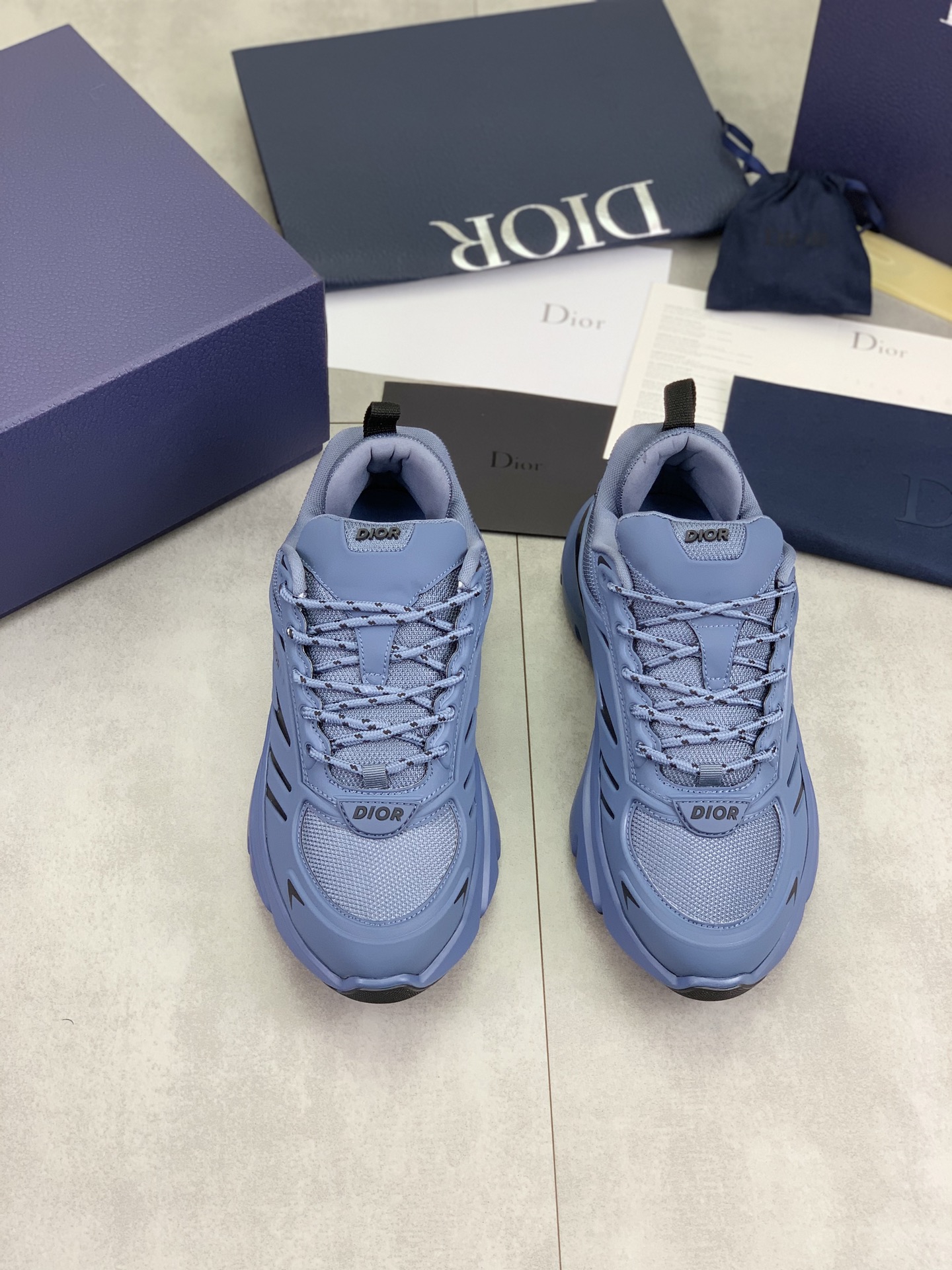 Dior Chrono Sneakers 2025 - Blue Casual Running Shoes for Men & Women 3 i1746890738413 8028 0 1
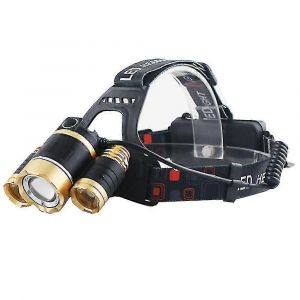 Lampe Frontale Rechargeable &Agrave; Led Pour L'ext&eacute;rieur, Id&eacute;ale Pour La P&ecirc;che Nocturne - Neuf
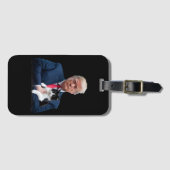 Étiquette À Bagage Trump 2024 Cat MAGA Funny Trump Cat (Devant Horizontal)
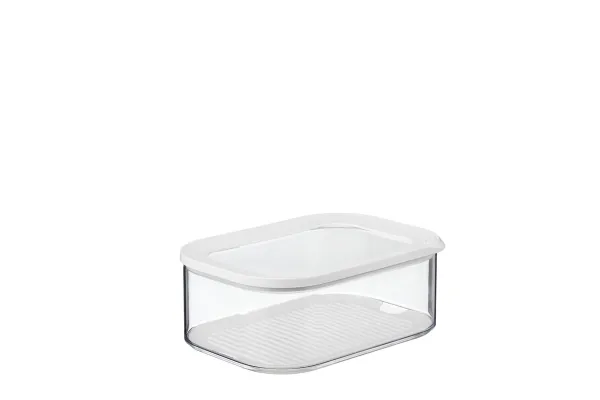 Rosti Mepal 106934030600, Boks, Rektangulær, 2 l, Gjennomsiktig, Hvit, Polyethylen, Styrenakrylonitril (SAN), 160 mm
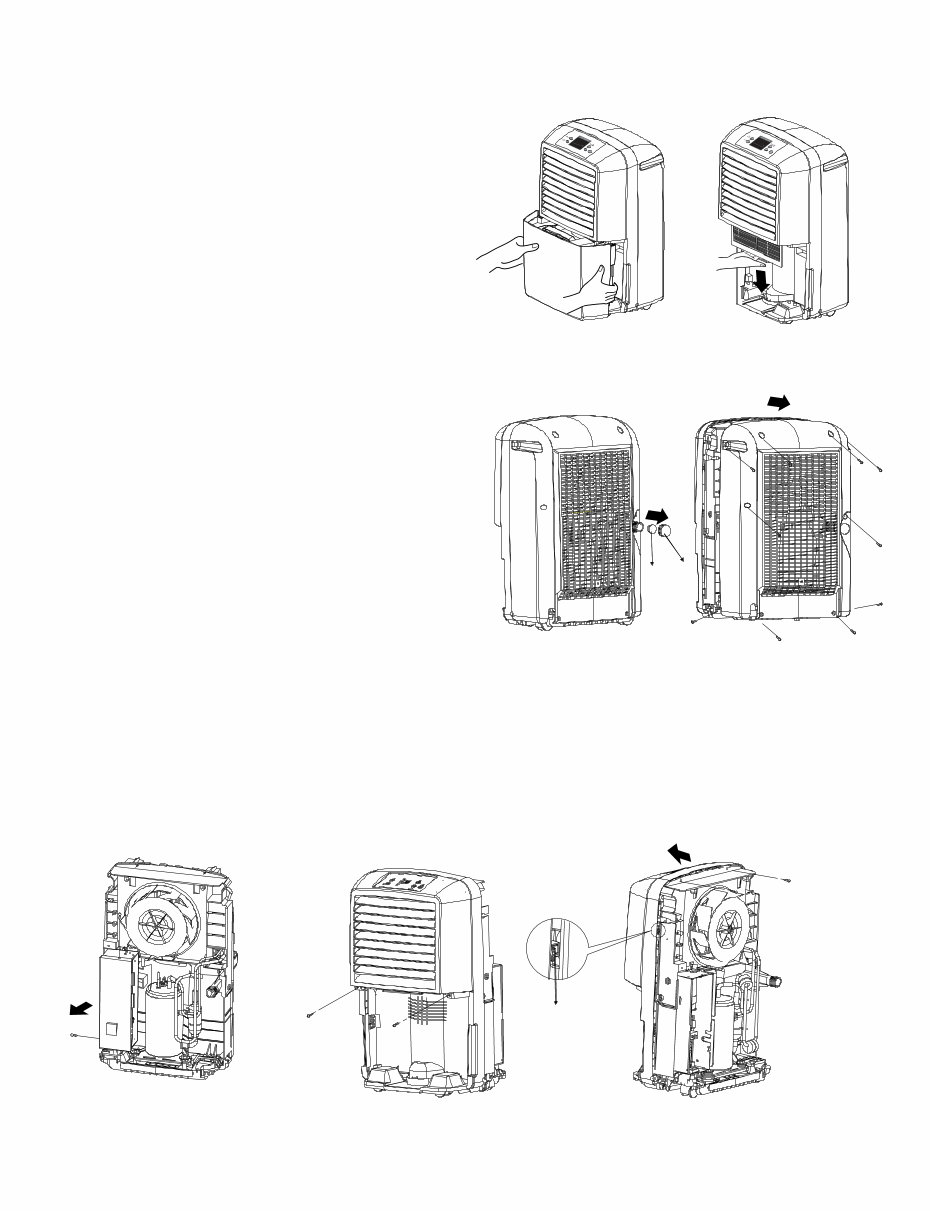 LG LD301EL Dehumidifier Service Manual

---

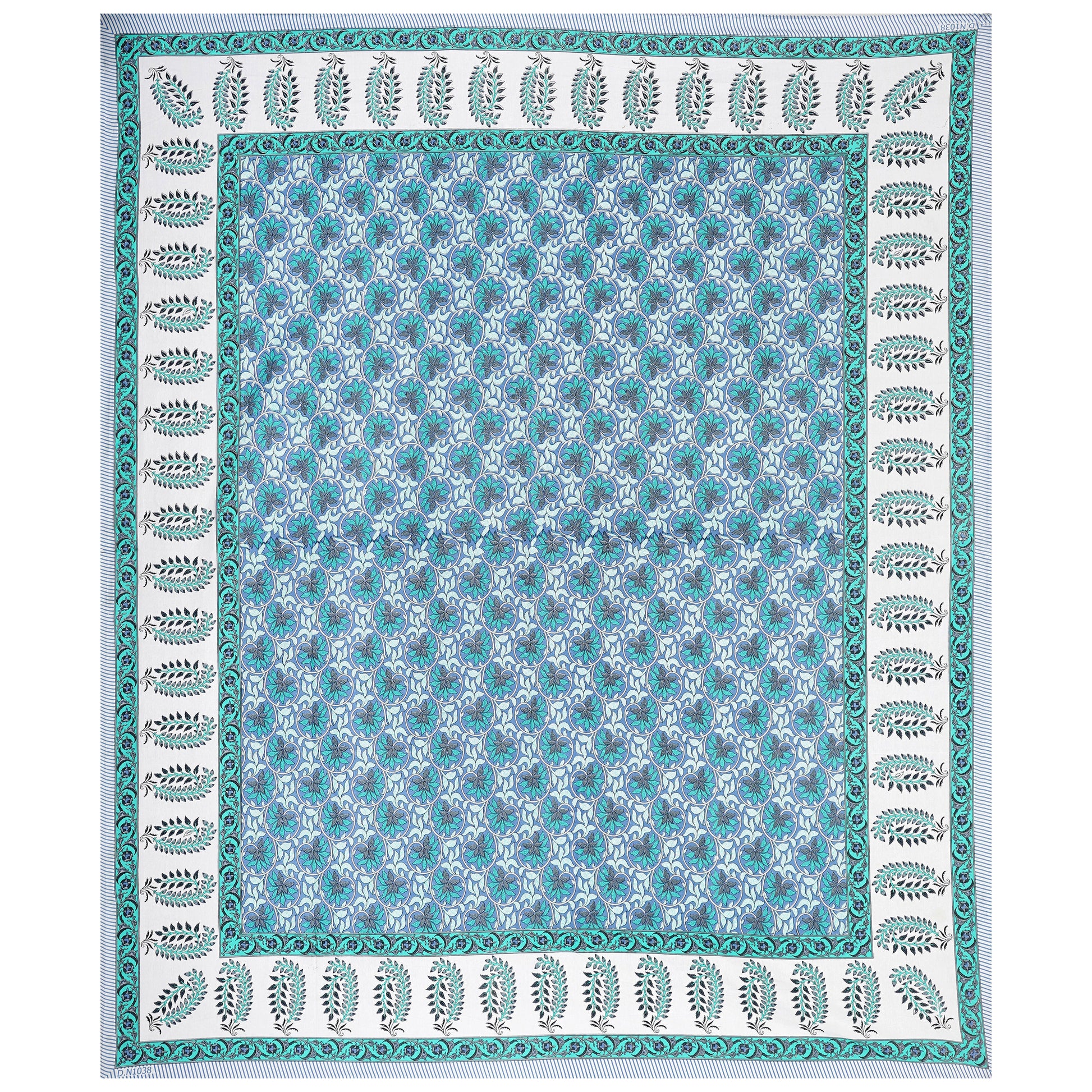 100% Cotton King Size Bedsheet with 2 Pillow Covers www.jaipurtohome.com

...

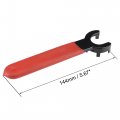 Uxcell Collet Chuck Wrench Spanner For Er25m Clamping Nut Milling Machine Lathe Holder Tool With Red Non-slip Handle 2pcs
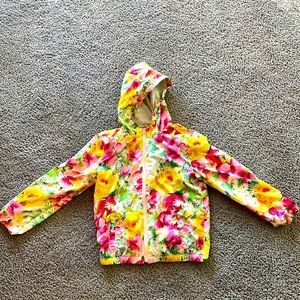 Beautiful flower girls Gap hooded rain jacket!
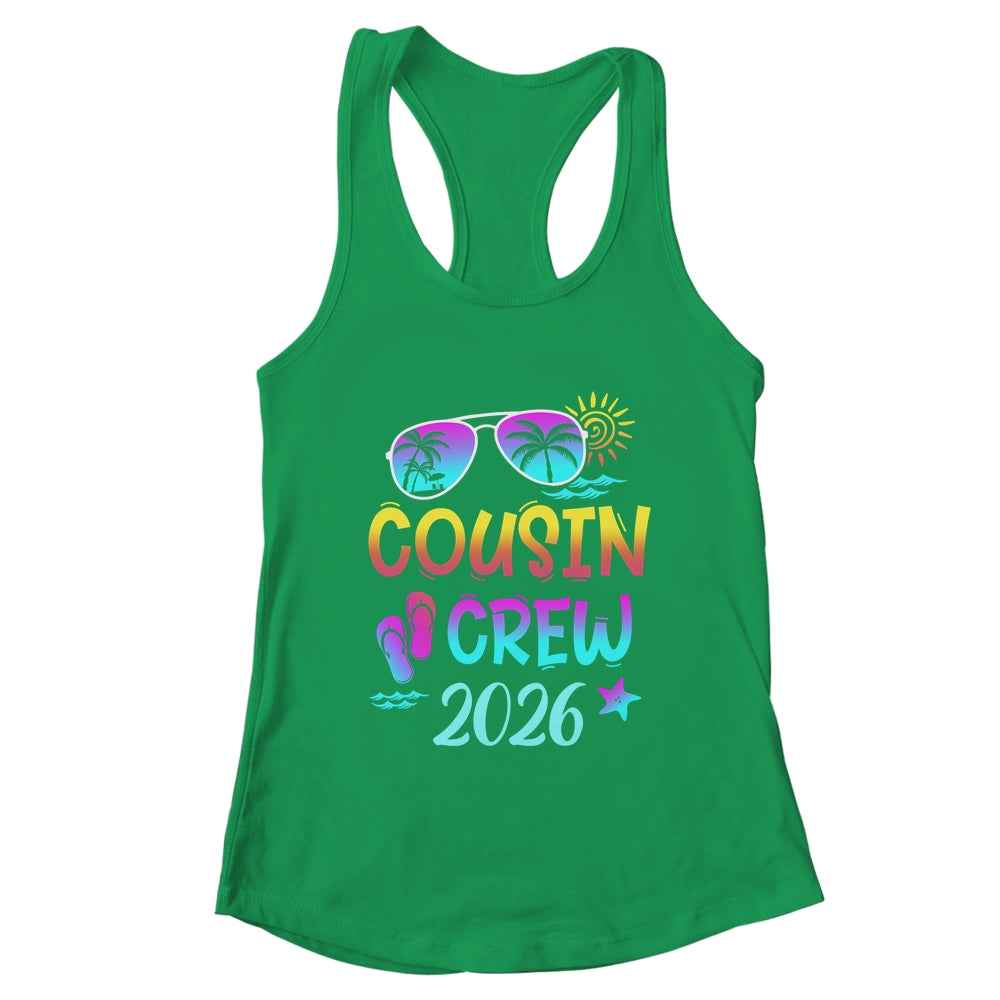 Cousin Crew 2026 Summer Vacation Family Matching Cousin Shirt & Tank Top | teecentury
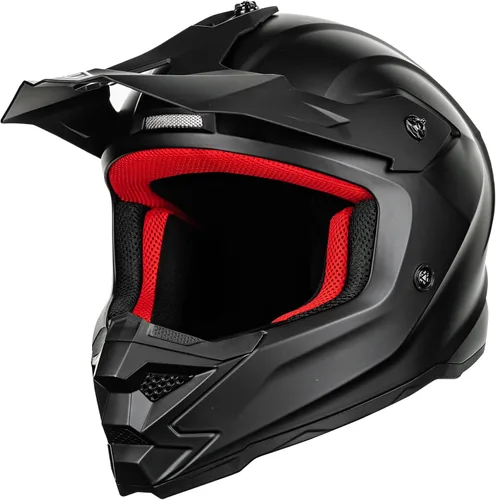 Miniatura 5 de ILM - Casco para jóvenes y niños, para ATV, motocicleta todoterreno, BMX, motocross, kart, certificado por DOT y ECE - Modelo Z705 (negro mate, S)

**Work request**
All that should appear in the answer is the lines above from the line with "Uxcell Collet Chuck" through the line with "Miniatura 5 de", retyped exactly, pictures left out.

**Output of the task**
 Uxcell Collet Chuck Wrench Spanner For Er25m Clamping Nut Milling Machine Lathe Holder Tool With Red Non-slip Handle 2pcs
 Beautiful flower girls Gap hooded rain jacket!
 Cousin Crew 2026 Summer Vacation Family Matching Cousin Shirt & Tank Top | teecentury
 Miniatura 5 de ILM - Casco para jóvenes y niños, para ATV, motocicleta todoterreno, BMX, motocross, kart, certificado por DOT y ECE - Modelo Z705 (negro mate, S)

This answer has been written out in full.